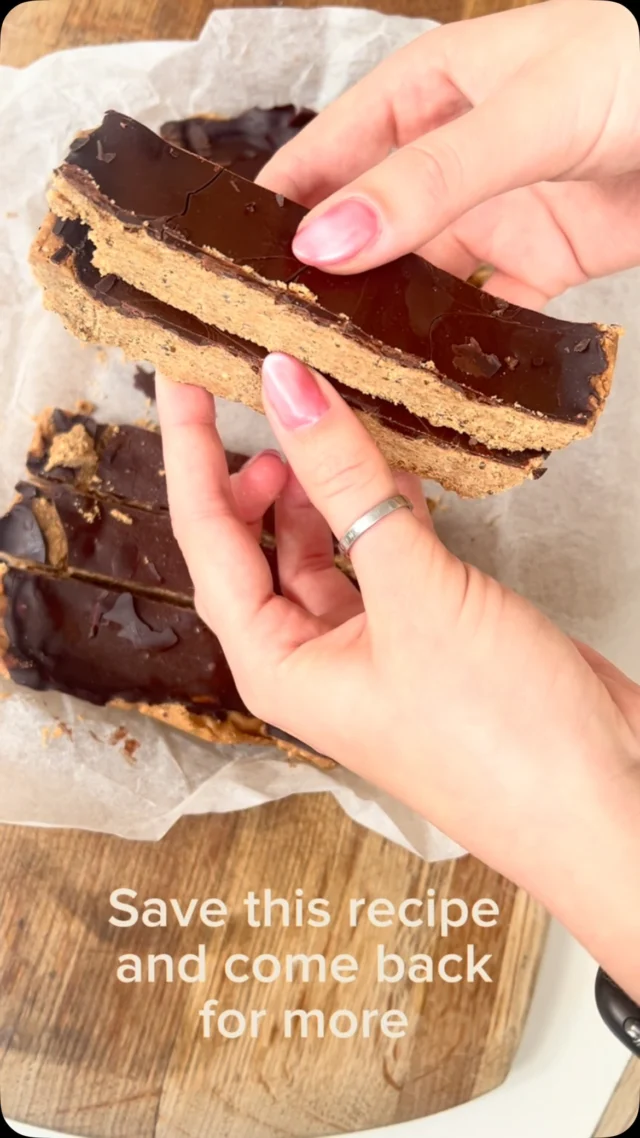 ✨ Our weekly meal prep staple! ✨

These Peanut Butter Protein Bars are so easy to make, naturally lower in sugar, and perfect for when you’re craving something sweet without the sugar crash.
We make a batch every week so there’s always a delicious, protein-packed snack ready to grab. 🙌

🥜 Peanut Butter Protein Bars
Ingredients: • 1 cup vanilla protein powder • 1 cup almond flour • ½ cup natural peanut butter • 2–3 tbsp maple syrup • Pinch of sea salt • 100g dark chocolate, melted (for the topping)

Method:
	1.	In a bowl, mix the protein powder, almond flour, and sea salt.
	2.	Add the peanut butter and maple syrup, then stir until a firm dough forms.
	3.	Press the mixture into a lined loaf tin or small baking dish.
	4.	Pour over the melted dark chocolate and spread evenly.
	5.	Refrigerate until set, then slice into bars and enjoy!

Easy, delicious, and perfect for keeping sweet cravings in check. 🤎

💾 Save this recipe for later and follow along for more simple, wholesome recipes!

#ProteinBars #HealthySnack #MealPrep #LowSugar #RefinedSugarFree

...

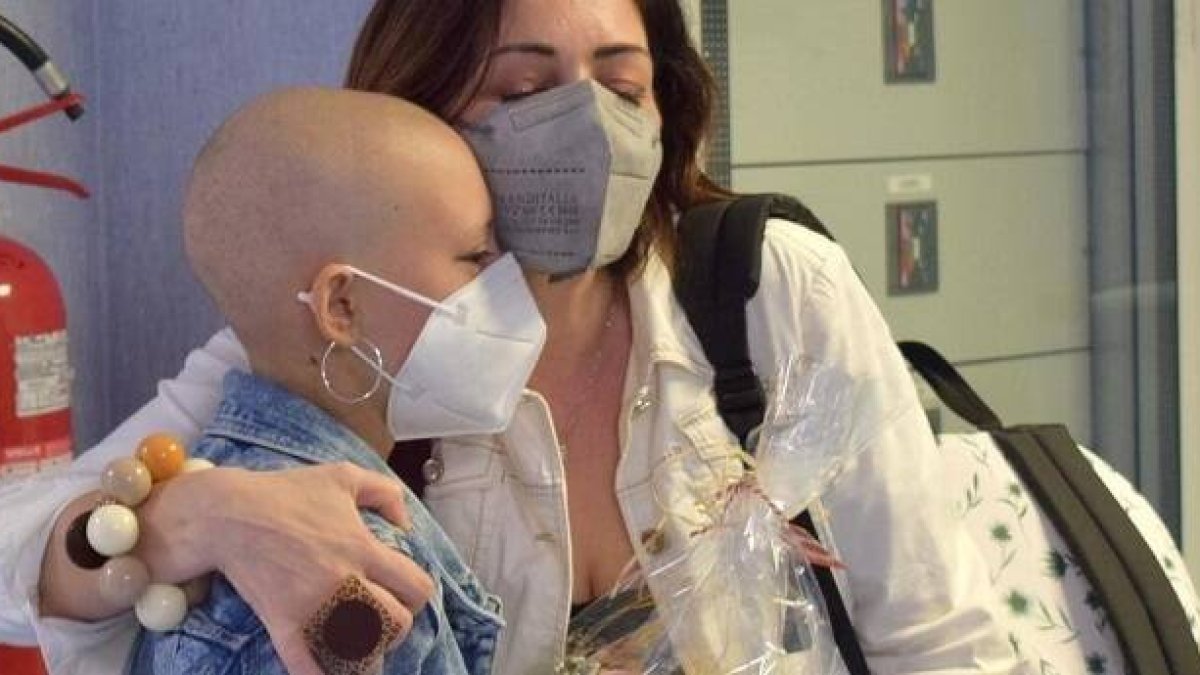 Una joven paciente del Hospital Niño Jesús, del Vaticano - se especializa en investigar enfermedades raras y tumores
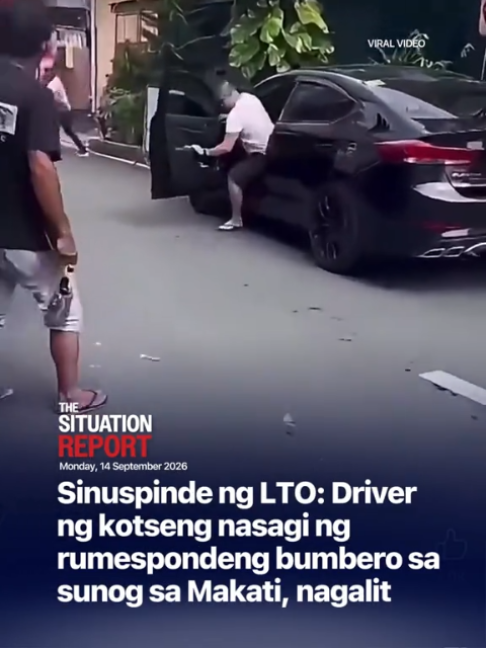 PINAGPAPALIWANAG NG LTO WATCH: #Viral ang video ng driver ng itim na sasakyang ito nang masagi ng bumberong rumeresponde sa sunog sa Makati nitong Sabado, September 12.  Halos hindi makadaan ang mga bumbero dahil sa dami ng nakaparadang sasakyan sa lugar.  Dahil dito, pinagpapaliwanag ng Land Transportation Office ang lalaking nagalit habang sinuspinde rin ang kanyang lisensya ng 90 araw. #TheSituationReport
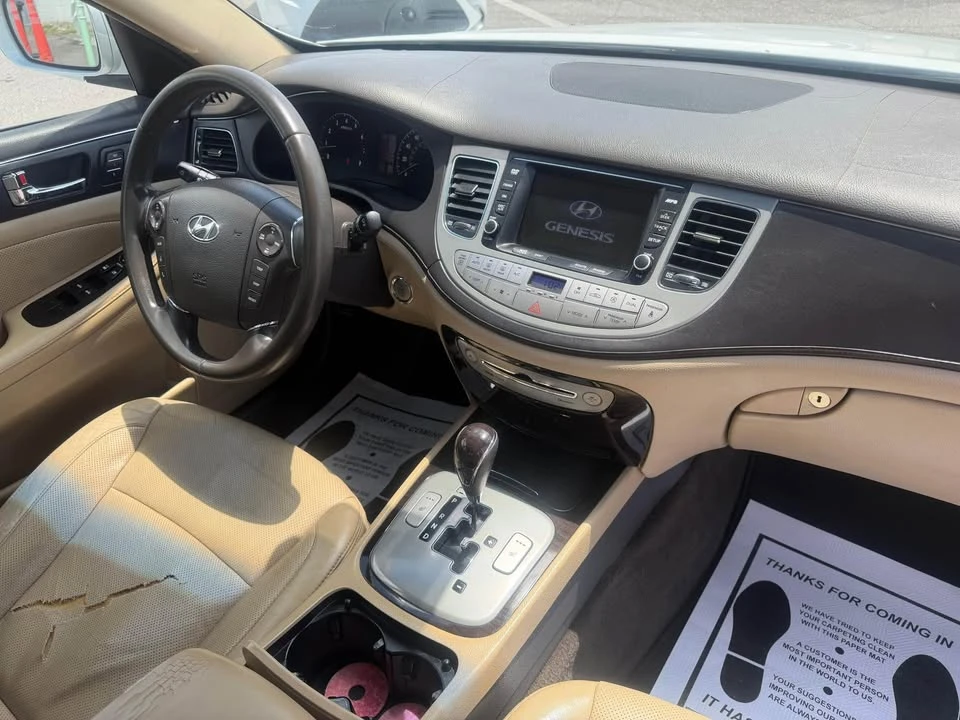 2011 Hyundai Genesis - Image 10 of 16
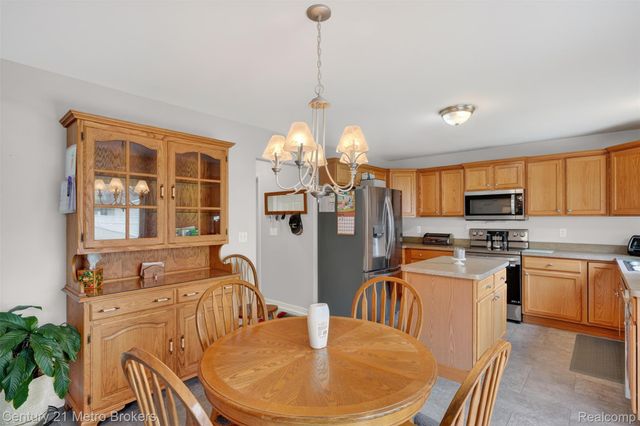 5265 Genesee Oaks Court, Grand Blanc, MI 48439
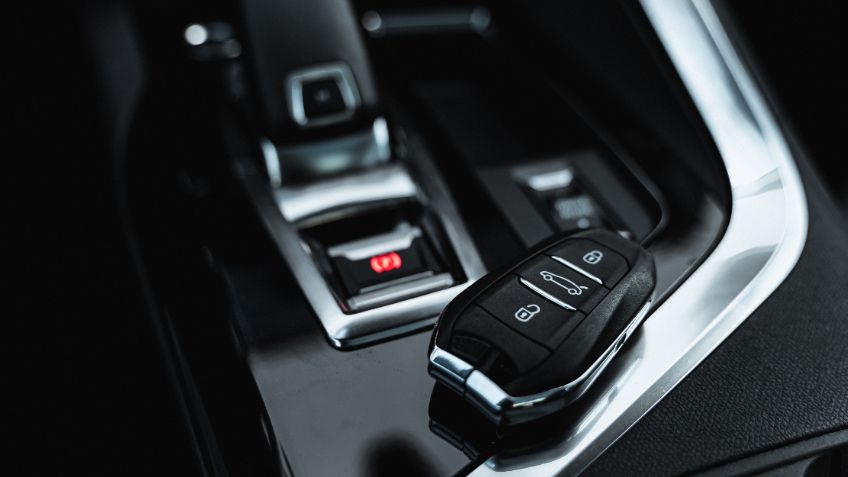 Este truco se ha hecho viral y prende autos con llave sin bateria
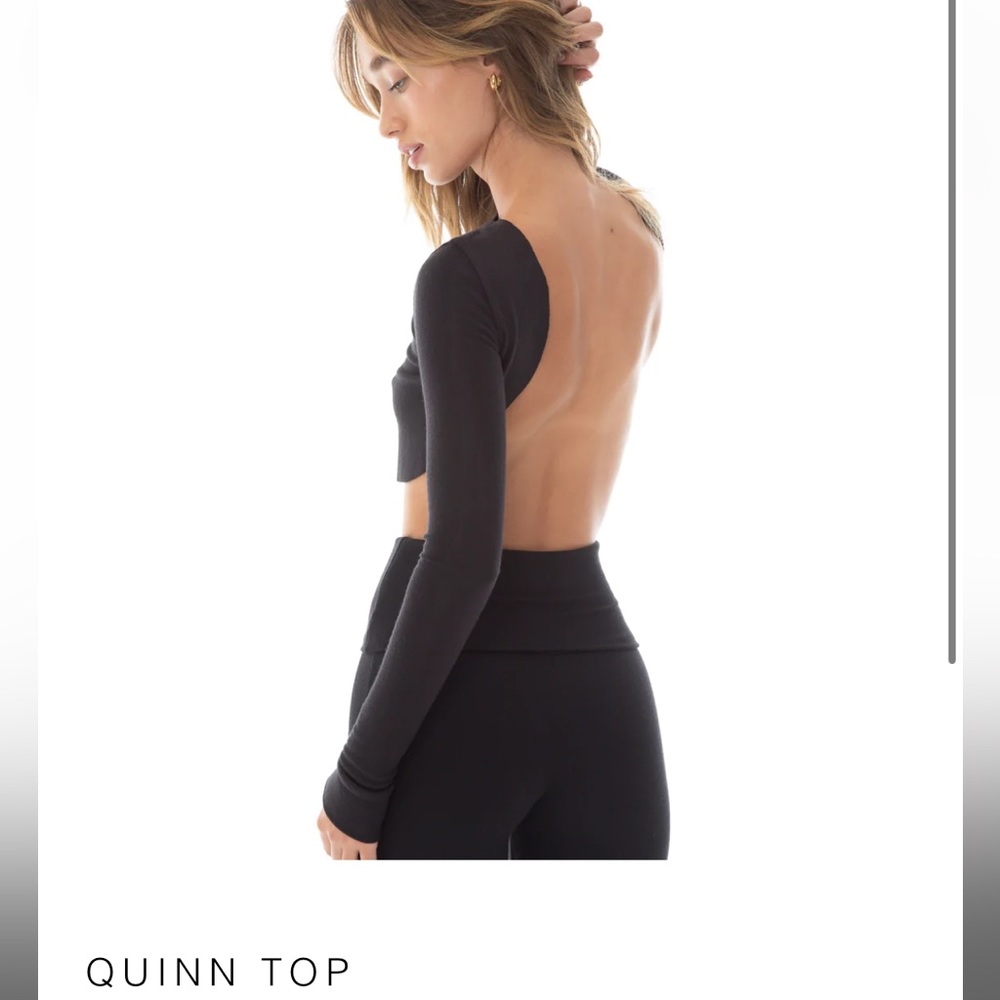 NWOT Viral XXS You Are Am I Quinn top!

# What is being asked
Reproduce verbatim only the segment of the listing bounded by the line containing "simple, wholesome recipes!" and the line containing "#ProteinBars #HealthySnack #MealPrep", with both boundary lines included.

# Response
💾 Save this recipe for later and follow along for more simple, wholesome recipes!

#ProteinBars #HealthySnack #MealPrep #LowSugar #RefinedSugarFree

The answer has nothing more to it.